Heading into this season, the Knicks' main objective, when it came to assembling their roster, was clear.
Jokes have been made about the overall age of the squad, but the truth of the matter is New York has very solid depth throughout the roster. Aiming to reel in experienced players as they hope for a successful run, even the Knicks' "rookies" are older players following stints in Europe. Pablo Prigioni and Chris Copeland are 35 and 28 years old, respectively.
Such personnel choices meant a couple of promising young guns were left on the outside looking in. The Knicks ended up waiving four training camp invitees in time for the regular season. Despite that, the franchise will still have the opportunity to monitor the progress of Mychel Thompson, Oscar Bellfield, and Henry Sims, as all three prospects were subsequently claimed by the Erie BayHawks.
And then there was John Shurna. Despite displaying a skill set the Knickerbockers are not only familiar with, but also favor in their offensive flow, the forward was not retained by the team in any sense.
When considering his talents, it's easy to understand how having Shurna on the court can help elevate the rest of his teammates. The sharpshooter can make it rain from either side of the court. His ability to spread the floor creates good spacing, and thus, makes him a potential valuable asset to any squad's offense.

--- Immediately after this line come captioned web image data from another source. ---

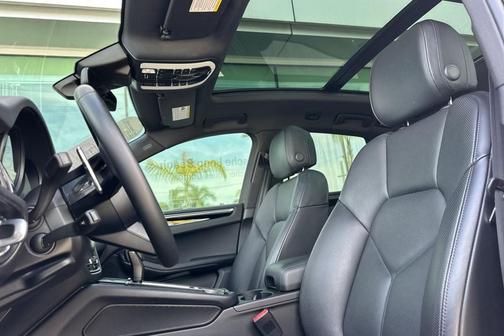 2023 Porsche Macan Macan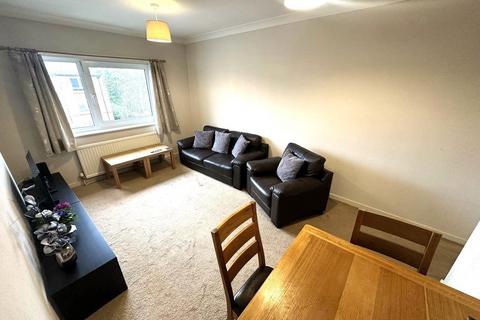 2 bedroom apartment to rent, Queens Road, Fulwood, Preston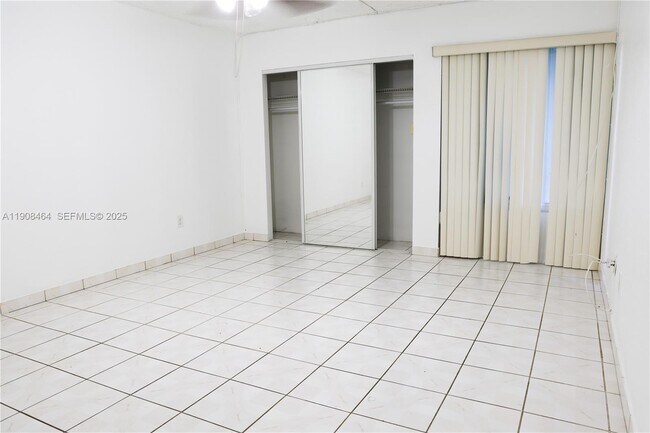 Building Photo - 9210 Fontainebleau Blvd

Though he gained a bit of a nice following with the Big Apple fan base, who appreciated his skills, Shurna now finds himself in the position of looking for another job. His agent, Brad Ames of Priority Sports, tells RidiculousUpside.com that his client is keeping an open mind and weighing different options.
Able to knock down the long range jumper with steady consistency, Shurna's style of play may very well end up suiting international ball quite nicely. With American players often cashing in on more lucrative deals across the pond, the sharpshooter is keeping his eyes open for the right fit overseas.
But if that doesn't work, there's no denying that the quickest way back into the NBA is through the D-League. Should he not be able to snag a deal overseas, Shurna may end up looking to stay stateside and play in the minors. In the NBADL, he would undoubtedly have the benefit of a closer look from NBA and other professional scouts on a nightly basis.
It will be interesting to see where Shurna ultimately takes his talents as he continues his journey to eventually sneak onto an NBA roster. He'll just have to keep strutting his stuff and proving his worth in the meantime.